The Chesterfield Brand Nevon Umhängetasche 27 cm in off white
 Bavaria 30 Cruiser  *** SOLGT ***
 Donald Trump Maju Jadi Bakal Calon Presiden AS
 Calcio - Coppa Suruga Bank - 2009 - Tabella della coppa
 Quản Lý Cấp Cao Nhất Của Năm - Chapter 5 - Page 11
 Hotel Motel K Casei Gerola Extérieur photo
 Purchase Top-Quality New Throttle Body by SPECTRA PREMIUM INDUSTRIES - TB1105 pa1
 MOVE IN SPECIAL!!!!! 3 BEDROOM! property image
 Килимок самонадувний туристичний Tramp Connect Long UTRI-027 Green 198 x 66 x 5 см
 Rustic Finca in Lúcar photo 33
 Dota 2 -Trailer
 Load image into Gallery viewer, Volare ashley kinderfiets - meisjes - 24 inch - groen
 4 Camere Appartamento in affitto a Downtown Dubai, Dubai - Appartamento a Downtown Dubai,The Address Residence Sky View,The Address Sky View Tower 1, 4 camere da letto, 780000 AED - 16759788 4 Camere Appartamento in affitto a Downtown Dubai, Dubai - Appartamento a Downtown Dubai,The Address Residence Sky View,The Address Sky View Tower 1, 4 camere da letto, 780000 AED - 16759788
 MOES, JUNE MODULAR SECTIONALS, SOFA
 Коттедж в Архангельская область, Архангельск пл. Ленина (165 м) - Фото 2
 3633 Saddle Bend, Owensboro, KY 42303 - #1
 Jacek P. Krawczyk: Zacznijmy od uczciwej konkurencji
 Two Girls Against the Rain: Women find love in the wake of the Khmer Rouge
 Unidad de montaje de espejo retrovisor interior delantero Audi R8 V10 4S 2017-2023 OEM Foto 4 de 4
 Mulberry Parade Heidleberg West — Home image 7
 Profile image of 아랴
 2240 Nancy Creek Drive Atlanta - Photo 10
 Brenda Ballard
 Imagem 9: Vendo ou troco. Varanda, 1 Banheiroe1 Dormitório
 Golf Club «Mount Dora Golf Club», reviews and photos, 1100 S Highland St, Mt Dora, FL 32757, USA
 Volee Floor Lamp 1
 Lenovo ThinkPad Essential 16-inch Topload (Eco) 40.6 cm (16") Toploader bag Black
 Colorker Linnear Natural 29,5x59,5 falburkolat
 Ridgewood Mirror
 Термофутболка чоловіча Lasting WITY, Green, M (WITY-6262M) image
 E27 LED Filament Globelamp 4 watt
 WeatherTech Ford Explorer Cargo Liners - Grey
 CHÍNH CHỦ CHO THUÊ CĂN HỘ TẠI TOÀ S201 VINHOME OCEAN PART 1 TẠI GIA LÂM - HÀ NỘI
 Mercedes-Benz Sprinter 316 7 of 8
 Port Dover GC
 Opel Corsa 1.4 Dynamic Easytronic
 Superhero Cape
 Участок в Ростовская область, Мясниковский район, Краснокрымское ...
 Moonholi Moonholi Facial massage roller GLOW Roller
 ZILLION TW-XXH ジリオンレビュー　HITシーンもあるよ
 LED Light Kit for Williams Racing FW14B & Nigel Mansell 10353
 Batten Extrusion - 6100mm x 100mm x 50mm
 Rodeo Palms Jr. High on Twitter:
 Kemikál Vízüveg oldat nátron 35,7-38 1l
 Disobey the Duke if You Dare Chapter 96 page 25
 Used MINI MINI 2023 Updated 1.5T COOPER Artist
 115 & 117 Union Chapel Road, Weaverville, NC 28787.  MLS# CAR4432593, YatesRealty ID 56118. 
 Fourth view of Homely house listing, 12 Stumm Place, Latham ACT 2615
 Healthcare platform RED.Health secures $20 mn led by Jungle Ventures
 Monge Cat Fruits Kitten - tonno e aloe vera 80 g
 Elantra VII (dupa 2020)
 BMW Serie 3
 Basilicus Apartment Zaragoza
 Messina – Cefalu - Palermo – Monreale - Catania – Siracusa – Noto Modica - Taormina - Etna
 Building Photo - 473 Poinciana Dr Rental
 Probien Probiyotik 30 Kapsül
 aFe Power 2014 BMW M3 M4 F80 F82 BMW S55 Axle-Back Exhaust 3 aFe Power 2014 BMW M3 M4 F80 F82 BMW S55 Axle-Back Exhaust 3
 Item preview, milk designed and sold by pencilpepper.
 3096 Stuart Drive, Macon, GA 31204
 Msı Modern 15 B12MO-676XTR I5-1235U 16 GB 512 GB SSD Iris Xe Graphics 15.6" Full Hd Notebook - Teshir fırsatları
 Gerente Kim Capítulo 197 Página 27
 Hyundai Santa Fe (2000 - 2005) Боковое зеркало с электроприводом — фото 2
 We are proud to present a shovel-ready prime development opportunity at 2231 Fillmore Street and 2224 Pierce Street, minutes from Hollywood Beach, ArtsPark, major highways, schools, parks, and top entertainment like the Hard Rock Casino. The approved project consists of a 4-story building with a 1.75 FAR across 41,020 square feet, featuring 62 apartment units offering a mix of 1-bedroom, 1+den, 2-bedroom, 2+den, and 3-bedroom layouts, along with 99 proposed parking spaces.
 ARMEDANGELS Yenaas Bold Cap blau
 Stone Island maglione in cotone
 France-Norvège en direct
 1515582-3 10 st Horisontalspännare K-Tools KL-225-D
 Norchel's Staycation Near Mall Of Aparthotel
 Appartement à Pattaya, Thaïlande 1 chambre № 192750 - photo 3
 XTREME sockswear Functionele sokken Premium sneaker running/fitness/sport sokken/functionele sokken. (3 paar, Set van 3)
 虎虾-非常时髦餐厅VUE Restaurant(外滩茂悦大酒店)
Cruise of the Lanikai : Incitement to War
* * * *
Prompt: Transcribe the data in full, keeping every detail.

Result:
The Chesterfield Brand Nevon Umhängetasche 27 cm in off white
 Bavaria 30 Cruiser  *** SOLGT ***
 Donald Trump Maju Jadi Bakal Calon Presiden AS
 Calcio - Coppa Suruga Bank - 2009 - Tabella della coppa
 Quản Lý Cấp Cao Nhất Của Năm - Chapter 5 - Page 11
 Hotel Motel K Casei Gerola Extérieur photo
 Purchase Top-Quality New Throttle Body by SPECTRA PREMIUM INDUSTRIES - TB1105 pa1
 MOVE IN SPECIAL!!!!! 3 BEDROOM! property image
 Килимок самонадувний туристичний Tramp Connect Long UTRI-027 Green 198 x 66 x 5 см
 Rustic Finca in Lúcar photo 33
 Dota 2 -Trailer
 Load image into Gallery viewer, Volare ashley kinderfiets - meisjes - 24 inch - groen
 4 Camere Appartamento in affitto a Downtown Dubai, Dubai - Appartamento a Downtown Dubai,The Address Residence Sky View,The Address Sky View Tower 1, 4 camere da letto, 780000 AED - 16759788 4 Camere Appartamento in affitto a Downtown Dubai, Dubai - Appartamento a Downtown Dubai,The Address Residence Sky View,The Address Sky View Tower 1, 4 camere da letto, 780000 AED - 16759788
 MOES, JUNE MODULAR SECTIONALS, SOFA
 Коттедж в Архангельская область, Архангельск пл. Ленина (165 м) - Фото 2
 3633 Saddle Bend, Owensboro, KY 42303 - #1
 Jacek P. Krawczyk: Zacznijmy od uczciwej konkurencji
 Two Girls Against the Rain: Women find love in the wake of the Khmer Rouge
 Unidad de montaje de espejo retrovisor interior delantero Audi R8 V10 4S 2017-2023 OEM Foto 4 de 4
 Mulberry Parade Heidleberg West — Home image 7
 Profile image of 아랴
 2240 Nancy Creek Drive Atlanta - Photo 10
 Brenda Ballard
 Imagem 9: Vendo ou troco. Varanda, 1 Banheiroe1 Dormitório
 Golf Club «Mount Dora Golf Club», reviews and photos, 1100 S Highland St, Mt Dora, FL 32757, USA
 Volee Floor Lamp 1
 Lenovo ThinkPad Essential 16-inch Topload (Eco) 40.6 cm (16") Toploader bag Black
 Colorker Linnear Natural 29,5x59,5 falburkolat
 Ridgewood Mirror
 Термофутболка чоловіча Lasting WITY, Green, M (WITY-6262M) image
 E27 LED Filament Globelamp 4 watt
 WeatherTech Ford Explorer Cargo Liners - Grey
 CHÍNH CHỦ CHO THUÊ CĂN HỘ TẠI TOÀ S201 VINHOME OCEAN PART 1 TẠI GIA LÂM - HÀ NỘI
 Mercedes-Benz Sprinter 316 7 of 8
 Port Dover GC
 Opel Corsa 1.4 Dynamic Easytronic
 Superhero Cape
 Участок в Ростовская область, Мясниковский район, Краснокрымское ...
 Moonholi Moonholi Facial massage roller GLOW Roller
 ZILLION TW-XXH ジリオンレビュー　HITシーンもあるよ
 LED Light Kit for Williams Racing FW14B & Nigel Mansell 10353
 Batten Extrusion - 6100mm x 100mm x 50mm
 Rodeo Palms Jr. High on Twitter:
 Kemikál Vízüveg oldat nátron 35,7-38 1l
 Disobey the Duke if You Dare Chapter 96 page 25
 Used MINI MINI 2023 Updated 1.5T COOPER Artist
 115 & 117 Union Chapel Road, Weaverville, NC 28787.  MLS# CAR4432593, YatesRealty ID 56118. 
 Fourth view of Homely house listing, 12 Stumm Place, Latham ACT 2615
 Healthcare platform RED.Health secures $20 mn led by Jungle Ventures
 Monge Cat Fruits Kitten - tonno e aloe vera 80 g
 Elantra VII (dupa 2020)
 BMW Serie 3
 Basilicus Apartment Zaragoza
 Messina – Cefalu - Palermo – Monreale - Catania – Siracusa – Noto Modica - Taormina - Etna
 Building Photo - 473 Poinciana Dr Rental
 Probien Probiyotik 30 Kapsül
 aFe Power 2014 BMW M3 M4 F80 F82 BMW S55 Axle-Back Exhaust 3 aFe Power 2014 BMW M3 M4 F80 F82 BMW S55 Axle-Back Exhaust 3
 Item preview, milk designed and sold by pencilpepper.
 3096 Stuart Drive, Macon, GA 31204
 Msı Modern 15 B12MO-676XTR I5-1235U 16 GB 512 GB SSD Iris Xe Graphics 15.6" Full Hd Notebook - Teshir fırsatları
 Gerente Kim Capítulo 197 Página 27
 Hyundai Santa Fe (2000 - 2005) Боковое зеркало с электроприводом — фото 2
 We are proud to present a shovel-ready prime development opportunity at 2231 Fillmore Street and 2224 Pierce Street, minutes from Hollywood Beach, ArtsPark, major highways, schools, parks, and top entertainment like the Hard Rock Casino. The approved project consists of a 4-story building with a 1.75 FAR across 41,020 square feet, featuring 62 apartment units offering a mix of 1-bedroom, 1+den, 2-bedroom, 2+den, and 3-bedroom layouts, along with 99 proposed parking spaces.
 ARMEDANGELS Yenaas Bold Cap blau
 Stone Island maglione in cotone
 France-Norvège en direct
 1515582-3 10 st Horisontalspännare K-Tools KL-225-D
 Norchel's Staycation Near Mall Of Aparthotel
 Appartement à Pattaya, Thaïlande 1 chambre № 192750 - photo 3
 XTREME sockswear Functionele sokken Premium sneaker running/fitness/sport sokken/functionele sokken. (3 paar, Set van 3)
 虎虾-非常时髦餐厅VUE Restaurant(外滩茂悦大酒店)
Cruise of the Lanikai : Incitement to War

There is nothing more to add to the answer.